Such a question speaks back to a longer history of cultural theory, art history, literary representation and other modes of humanistic inquiry aimed at understanding how we perceive visual stimuli from the world around us. John Berger’s 1972 Ways of Seeing, for example, has profoundly influenced popular and scholarly understandings of visual culture. Berger writes:
We never look at just one thing; we are always looking at the relation between things and ourselves. Our vision is continually active, continually moving, continually holding things in a circle around itself, constituting what is present to us as we are. Soon after we can see, we are aware that we can also be seen. The eye of the other combines with our own eye to make it fully credible that we are part of the visible world (1972: 9).
In this oft-quoted work, Berger outlines the visual logic of how acts of comprehending physical objects or other visual phenomena (a painting, a landscape, a sketch), are as much determined by the conditions within which we observe as they are by the objects themselves.

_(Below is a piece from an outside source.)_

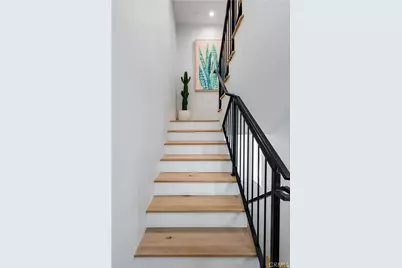 2822 Rowena, Los Angeles, CA 90039 - Photo 15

The phenomenological basis upon which Ways of Seeing is conceptualised is the product not just of the intensifying visual culture of the modern period, but also the technological tools with which that culture could be rendered, observed and reproduced. It was in this period, Lev Manovich writes, that ‘the arts started to systematically develop new aesthetics that strives to fill every possible “cell” of a large multi-dimensional space of all sense dimensions, taking advantage of the very high fidelity and resolution of our senses’ (2021: 1148). As this visual field has become increasingly non-human, especially over the last decade, the ubiquity of machine vision has prompted a dramatic shift, whereby previously abstract or theoretical questions of seeing and interpretation are now directly relevant to the lived experience of everyday people around the globe. Responding to this development, Ishiguro’s novel and other works of speculative fiction have sought to direct their narrative focus towards a question that sits at the core of machine vision, but which also has implications for fields in traditionally humanistic traditions: how do we see and understand a world in which an ever-increasing proportion of that world exists in non-human arrangements?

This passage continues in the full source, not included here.